Cela est si vrai, que, quand nous prêchons contre les idoles, les Chinois, qui les servent, nous répondent qu’ils ne les honorent que comme autant d’intercesseurs auprès du Seigneur suprême. El ce n’est qu’après qu’on leur a montré qu’ils leur attribuent sans fondement un tel pouvoir, que, n’ayant plus d’espérance en leur secours, ils les abandonnent. Que nous serions heureux, s’il nous était aussi facile de leur faire adorer Jésus-Christ qu’il nous est aisé de leur faire quitter les idoles ! Mais, hélas ! depuis trente ans que je suis en Chine, j’ai la douleur de voir que chaque année on met de nouveaux obstacles à leur salut. Nous voilà enfin chassés de nos églises, voilà notre sainte religion authentiquement confondue, par l’empereur régnant[1], avec toutes les sectes impies et extravagantes que les lois de l’empire ont raison de condamner.

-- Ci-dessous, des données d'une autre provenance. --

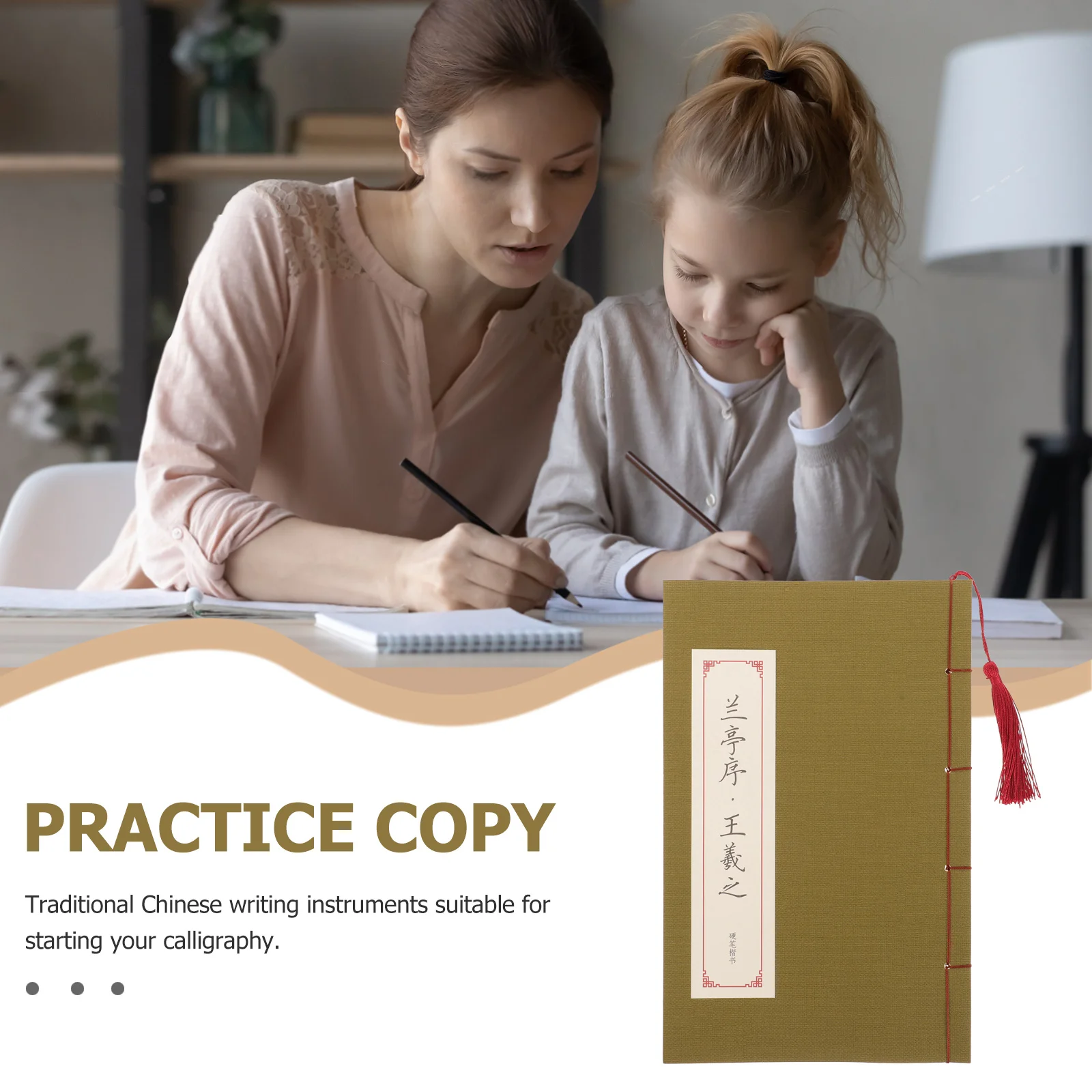 Chinese Calligraphy Copybook Traditional Handmade Paper Rounded Edges Great for Calligraphy Beginners Students Writing 
Chinese Calligraphy Copybook Traditional Handmade Paper Rounded Edges Great for Calligraphy Beginners Students Writing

Et ce même empereur, qui dit souvent de Thien et de 上帝 Chang-ti tout ce que les prophètes ont dit du vrai Dieu, raille publiquement le nom de 天主 Thien-tchu que

  1. C’est dans son explication en dix mille caractères 萬言論 Wan yen-lun, sur seize articles de morale qu’on enseigne publiquement aux peuples deux fois par mois. L’empereur, après avoir énuméré toutes les sectes les plus répréhensibles, dit page 20 :
    « La religion d’Europe qui honore Thien-tchu est aussi au nombre des fausses sectes. Ces gens savent les mathématiques, c’est pourquoi l’empire se sert d’eux. Il faut que vous tous, à qui je parle, en soyez bien informés. » (Pr.)
    Nous nous permettrons d’observer ici que, dans le texte chinois, l’empereur ne dit pas que la religion du Seigneur du Ciel des Européens est du nombre des fausses sectes ; il dit simplement qu’elle n’est pas tirée des King chinois, qu’elle ne leur appartient pas 亦屬不經 i chou pou king. (G. P.)